Early on Tuesday morning, the Board of Governors of the Reserve Bank of Australia decided to lower the interest rate in the country with 25 basis points. Thus, the rate is now at 0.75 per cent, which is a notable decrease from the previous level of 1 per cent.
This is the third reduction of the rate for the RBA in 2019, which is driven mostly by the deteriorating global trade outlook, causing central banks to adopt increasingly more accommodative monetary stands.
The Board’s monetary statement began with a commentary on the current state of the global economy, by arguing that the outlook for future growth remained reasonable despite the observed heightened risks to the downside.
“The US-China trade and technology disputes are affecting international trade flows and investment as businesses scale back spending plans because of the increased uncertainty.” [source]

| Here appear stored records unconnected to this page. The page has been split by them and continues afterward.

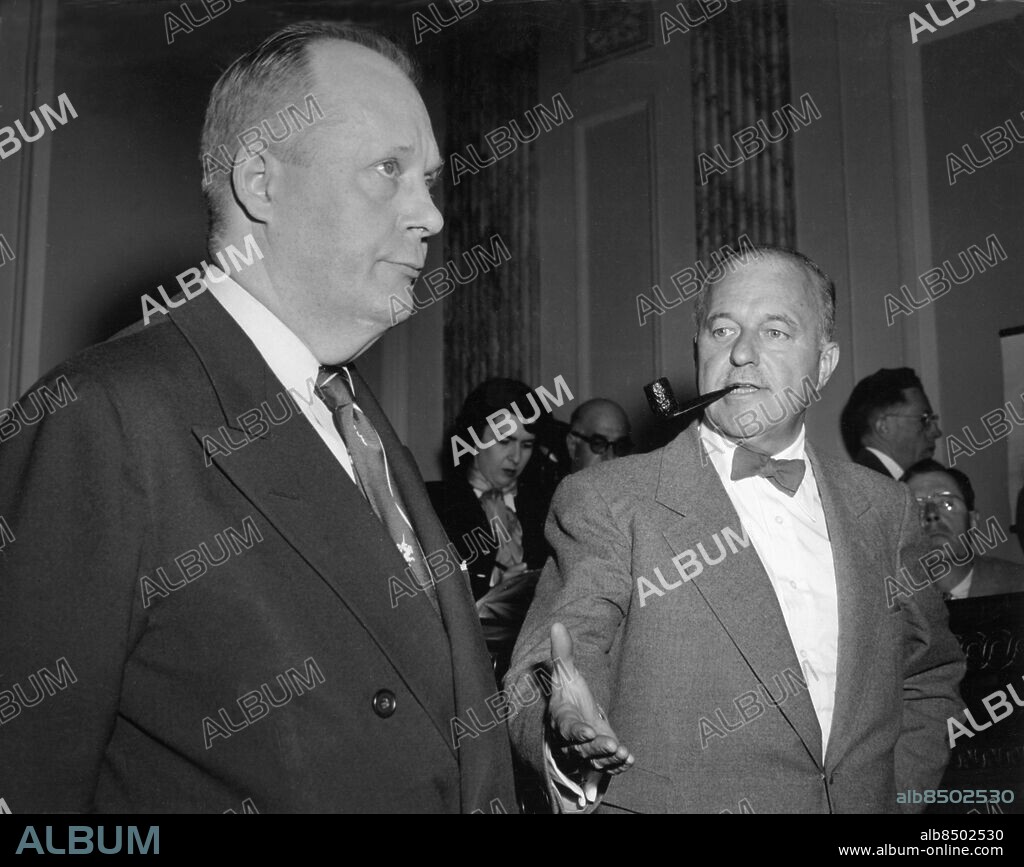 Orig. bildtext... SAMUEL P. SEARS RESIGNS AS COUNSEL FOR THE SPECIAL COMMITTEE WHICH IS TO INVESTIGATE THE MCCARTHY-ARMY DISPUTE. Washington, D.C. Aptil 6th. Samuel P. Sears, Boston attorney, withdrew today as Counsel for the Senate's Investigation into Sen. Joseph R. McCarthy's dispute with the army. The Senate Permanent Investigating Subcommittee, after a 2 ¬? hour meeting, accepted Sear's resignation unanimously. Sears issued a statement saying after a rather long conference with members of the Subcommittee, and, in fact, prior to meeting them, I have come to the resolute conclusion that I should not serve. Left to right; Senator Karl Mundt, and Samuel Sears as they talk to news men following the 2 ¬? hour meeting of the Subcommittee. 4-6-52. Anm. K E Mundt, 1900-1974, amerikansk republikansk politiker. 1954 var han ordförande i senatsutredningen om konflikten mellan armén och Joseph McCarthy. McCarthy blev känd för sina påståenden om förekomsten av kommunister i statsförvaltningen och för sina hårda undersökningsmetoder. Pipor Gester Samtal Fluga Möten CD520 persons: KARL EARL MUNDT;SAMUEL P SEARS sites: WASHINGDTON D C;USA.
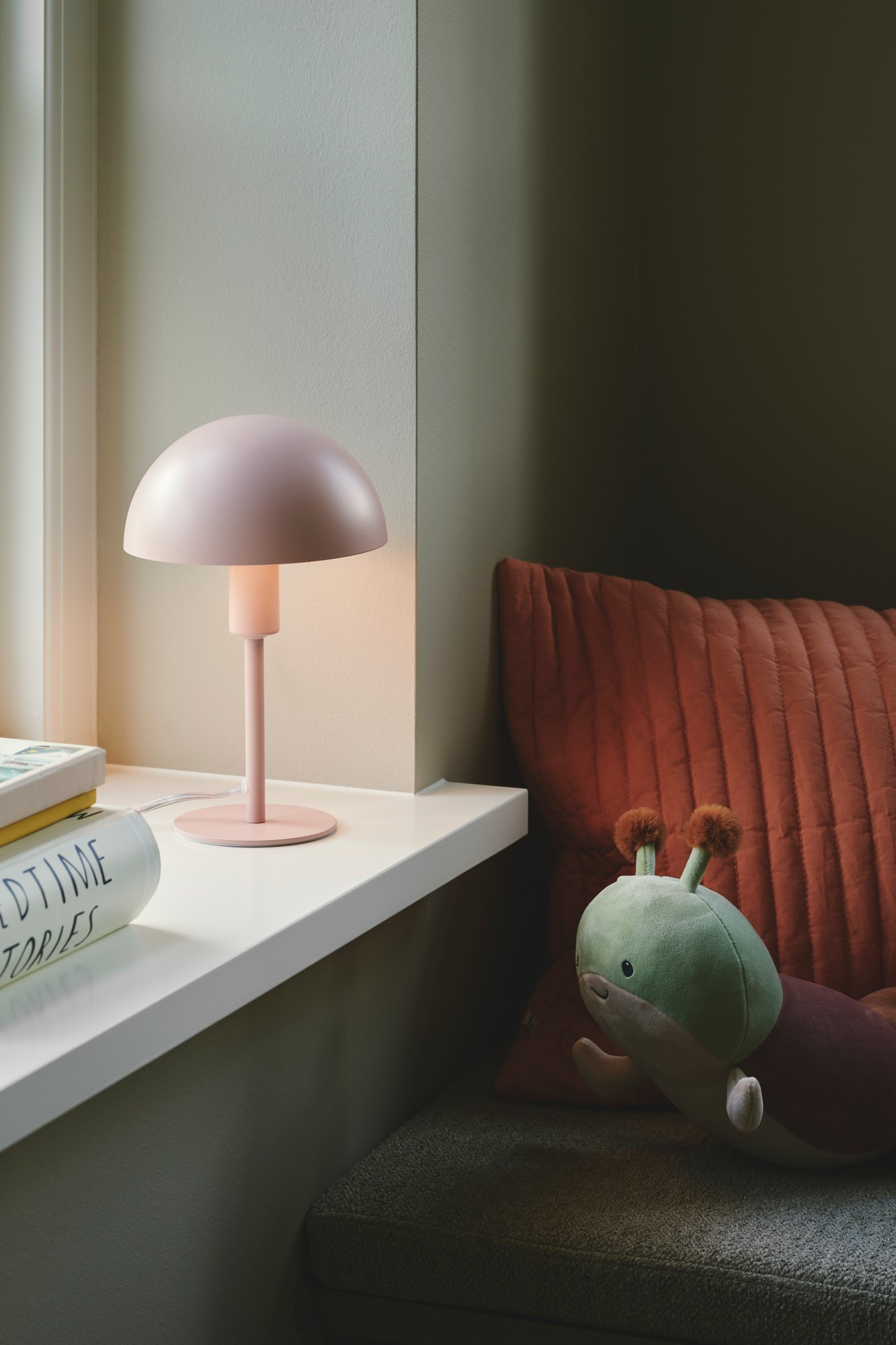 Lampe à poser Ellen mini au design contemporain par Nordlux Lampe à poser Ellen mini au design contemporain par Nordlux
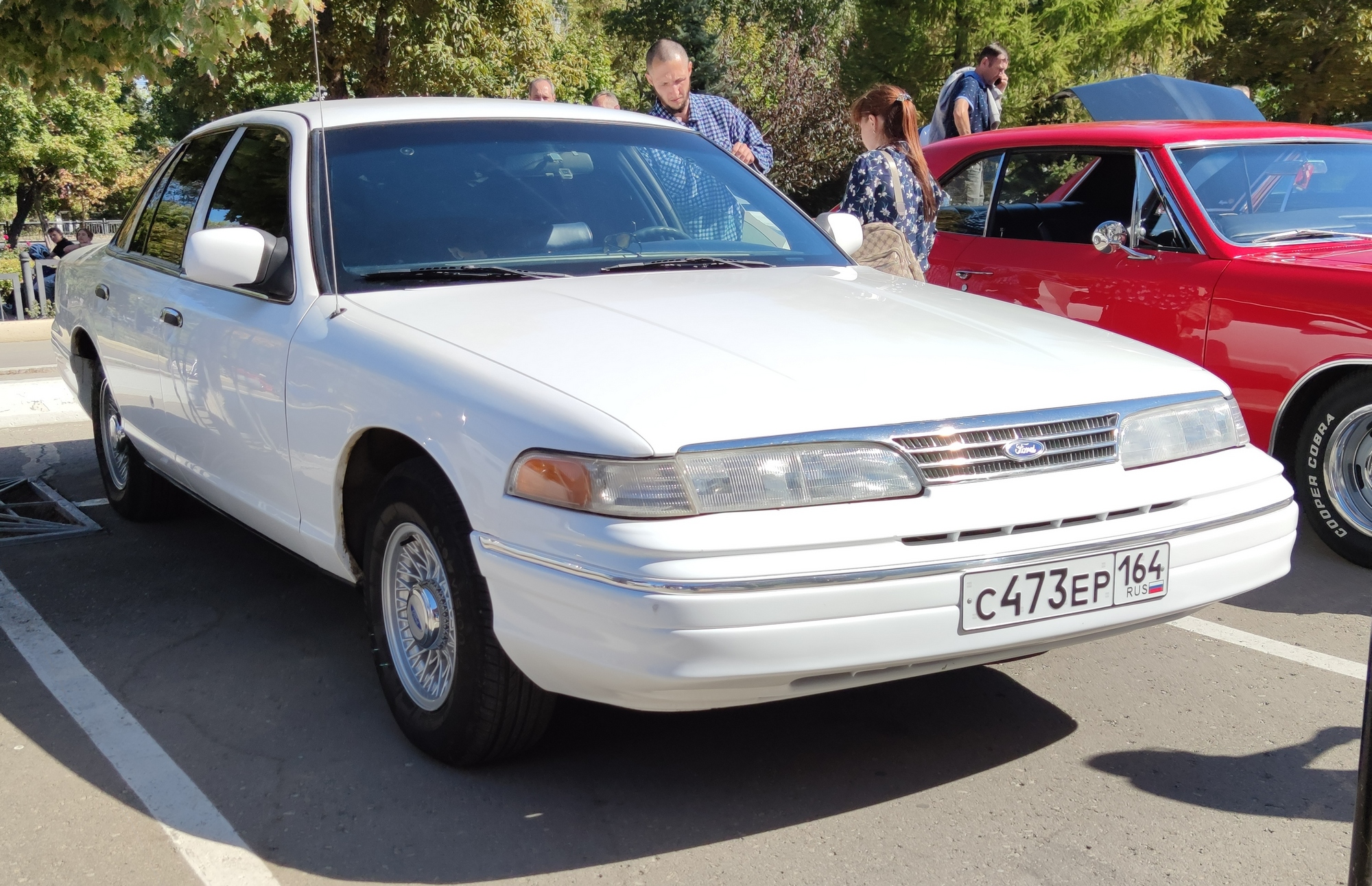 с 473 ер 164, Ford Crown Victoria 1st gen (EN53), 1991–1994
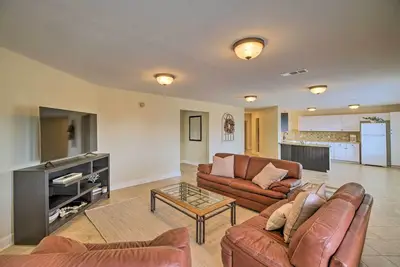 Image de Apt w/ Balconies - Steps to Kemah Boardwalk!
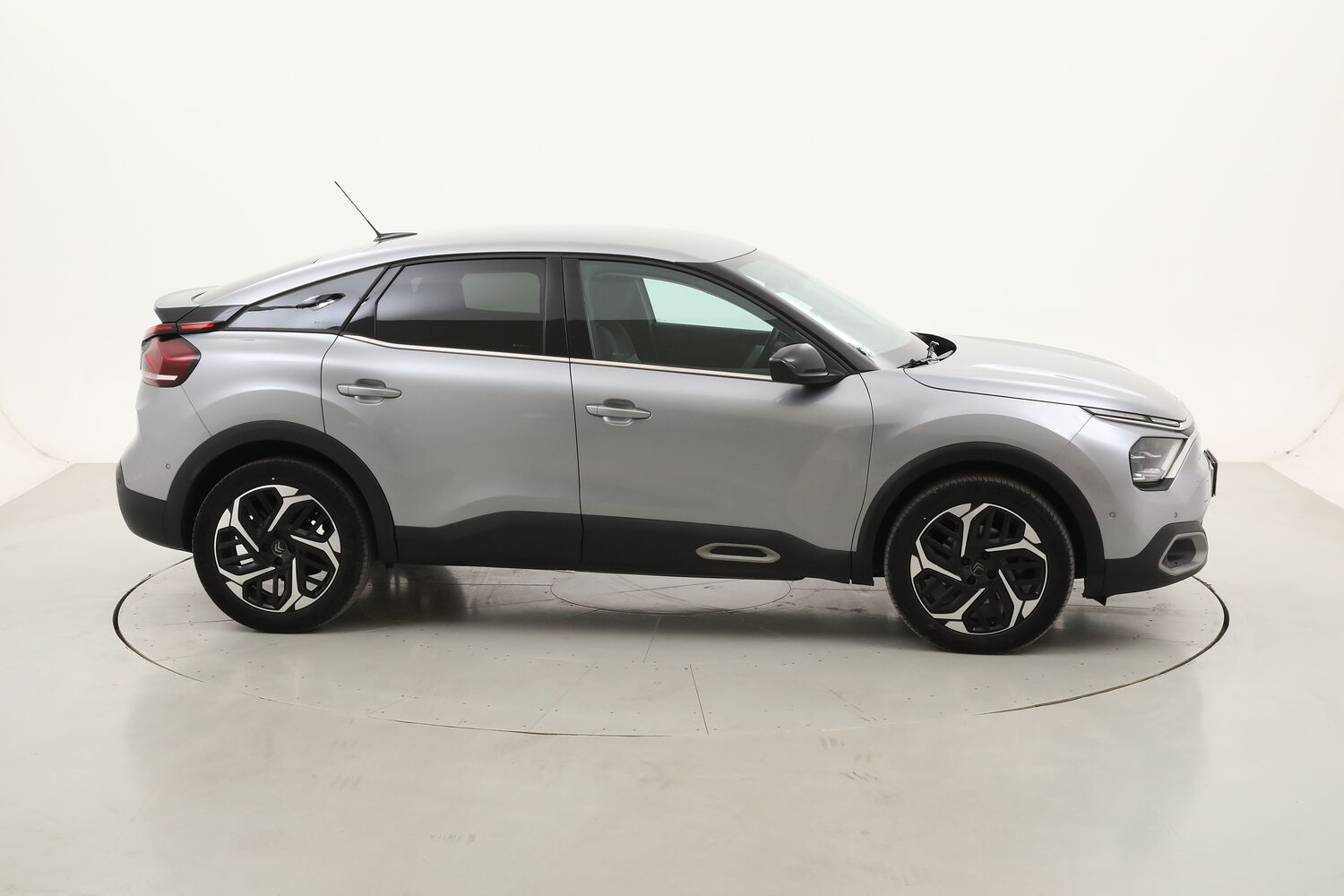 Citroen C4 Shine EAT8 usata del 2021 con 118.855 km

This statement demonstrates the determination of the RBA, alongside other major central banks, to tackle this apparent decline in investments worldwide by lowering the respective interest rates in order to stimulate the economic activity.
The waning investment rates can be exemplified by the above chart, which demonstrates the steadily deteriorating business confidence index in Australia.
Ultimately, RBA’s decision to cut the interest rate at the present moment seems to resonate with Jerome Powell’s remarks from earlier this year, when he argued that central banks lower their respective rates as an insurance measure.
The eventual settlement of the trade war between China and the US is going to have an overwhelmingly positive impact on global trade, which in turn is going to negate the prevailing uncertainty.
Consequently, as the downside risks to growth start to lessen gradually, central banks are expected to react by raising their respective interest rates.
There is no other evident reason to justify prolonging the current trend of monetary easing, apart from the aforementioned trade uncertainty.
The Australian economy remains vulnerable to outside pressures, due to its heavy reliance on FDI and trade, particularly with China.
Nevertheless, internal economic factors continue to demonstrate encouraging data, in spite of the observed soft patch in growth from the previous quarter. In the monetary statement, it was further argued that:
“The Australian economy expanded by 1.4 per cent over the year to the June quarter, which was a weaker-than-expected outcome. A gentle turning point, however, appears to have been reached with economic growth a little higher over the first half of this year than over the second half of 2018. The low level of interest rates, recent tax cuts, ongoing spending on infrastructure, signs of stabilisation in some established housing markets and a brighter outlook for the resources sector should all support growth.”
Thus, the Australian dollar tumbled with 0.67 per cent against the US dollar, following the release of the monetary policy statement. Yet the pair corrected some of the losses after the price reached a critical support level at 0.66730.